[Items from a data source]
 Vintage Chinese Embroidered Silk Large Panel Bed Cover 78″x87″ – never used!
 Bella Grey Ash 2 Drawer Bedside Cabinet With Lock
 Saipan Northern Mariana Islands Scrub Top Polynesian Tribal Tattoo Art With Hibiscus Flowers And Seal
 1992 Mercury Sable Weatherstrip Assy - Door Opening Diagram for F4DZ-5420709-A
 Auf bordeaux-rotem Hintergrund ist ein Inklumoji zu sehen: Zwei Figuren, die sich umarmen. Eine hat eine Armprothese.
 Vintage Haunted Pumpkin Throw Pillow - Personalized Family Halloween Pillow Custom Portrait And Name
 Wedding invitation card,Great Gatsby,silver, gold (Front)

==

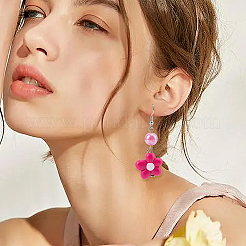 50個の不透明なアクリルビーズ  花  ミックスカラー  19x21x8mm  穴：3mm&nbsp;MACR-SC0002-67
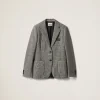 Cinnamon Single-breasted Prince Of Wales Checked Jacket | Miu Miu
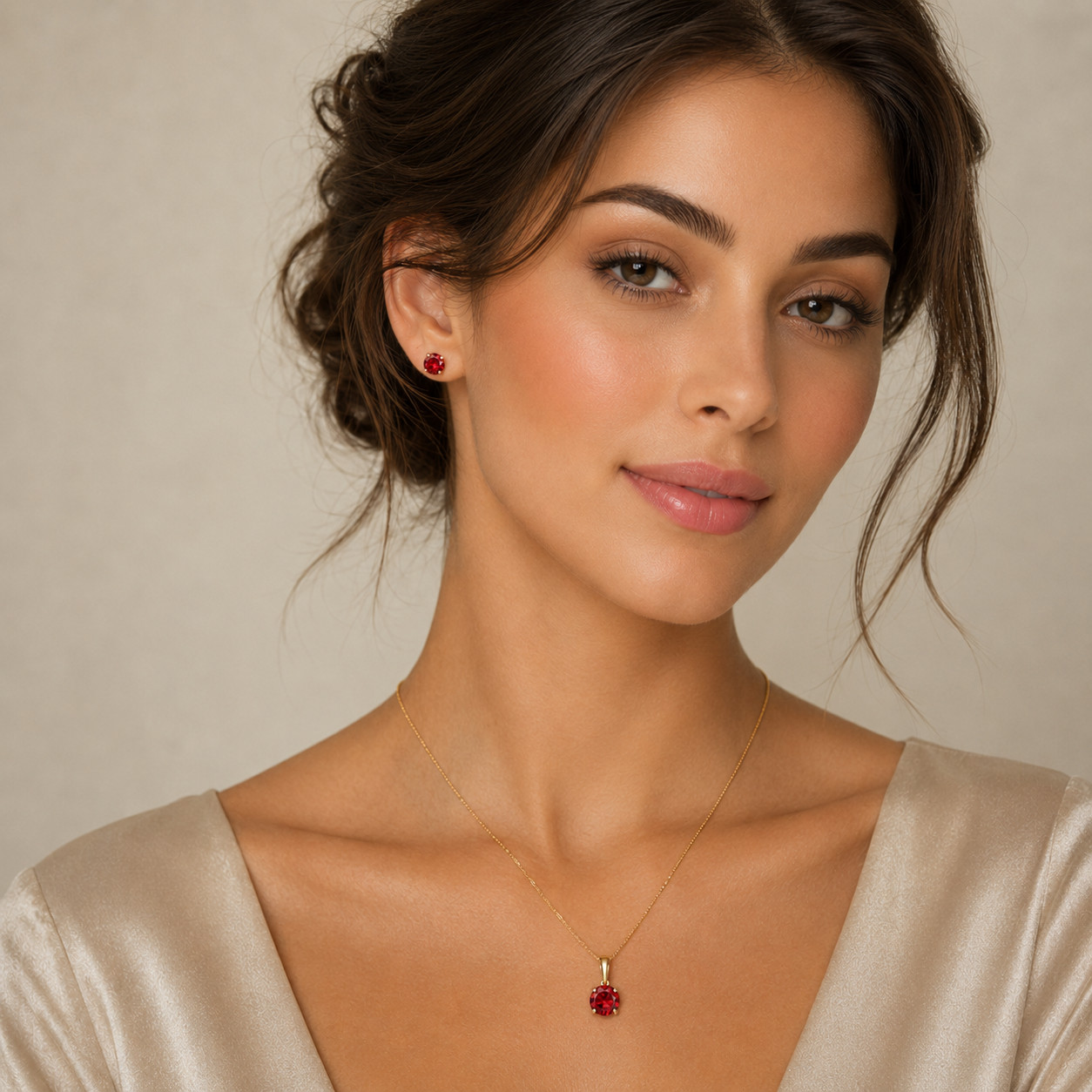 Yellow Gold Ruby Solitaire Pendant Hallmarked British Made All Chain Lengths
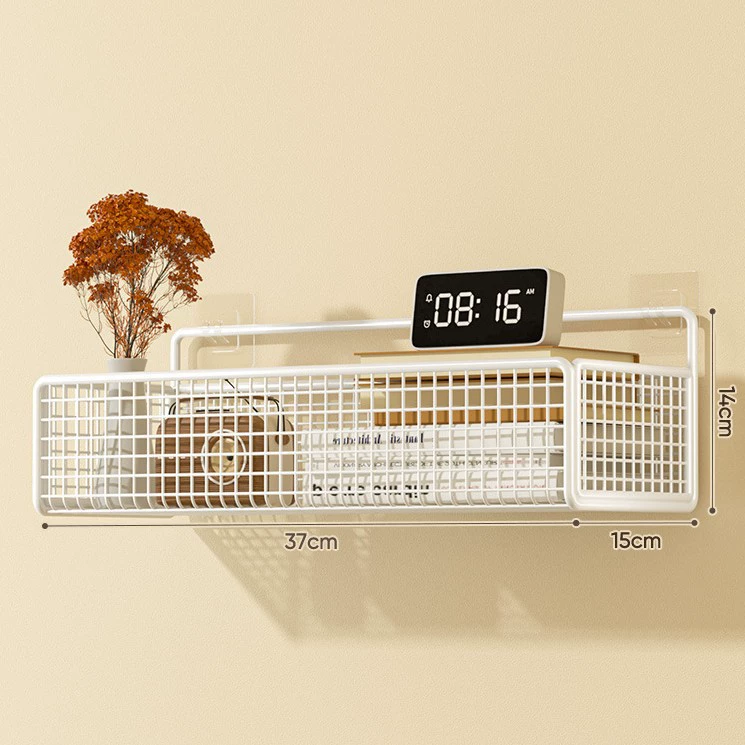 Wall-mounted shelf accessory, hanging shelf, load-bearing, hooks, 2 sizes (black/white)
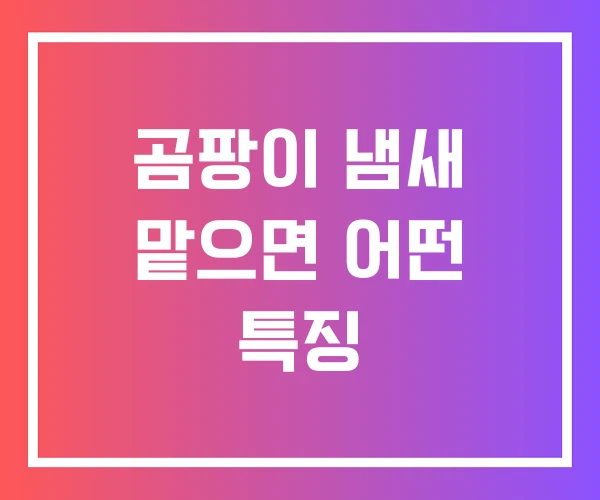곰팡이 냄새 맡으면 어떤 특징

> WHAT NEEDS TO BE DONE
When you reach the line containing "Cinnamon Single-breasted Prince" in the entries above, begin restating word for word, and stop once the line containing "곰팡이 냄새 맡으면 어떤 특징" has been given. Omit the pictures.

> TASK OUTPUT
 Cinnamon Single-breasted Prince Of Wales Checked Jacket | Miu Miu
 Yellow Gold Ruby Solitaire Pendant Hallmarked British Made All Chain Lengths
 Wall-mounted shelf accessory, hanging shelf, load-bearing, hooks, 2 sizes (black/white)
곰팡이 냄새 맡으면 어떤 특징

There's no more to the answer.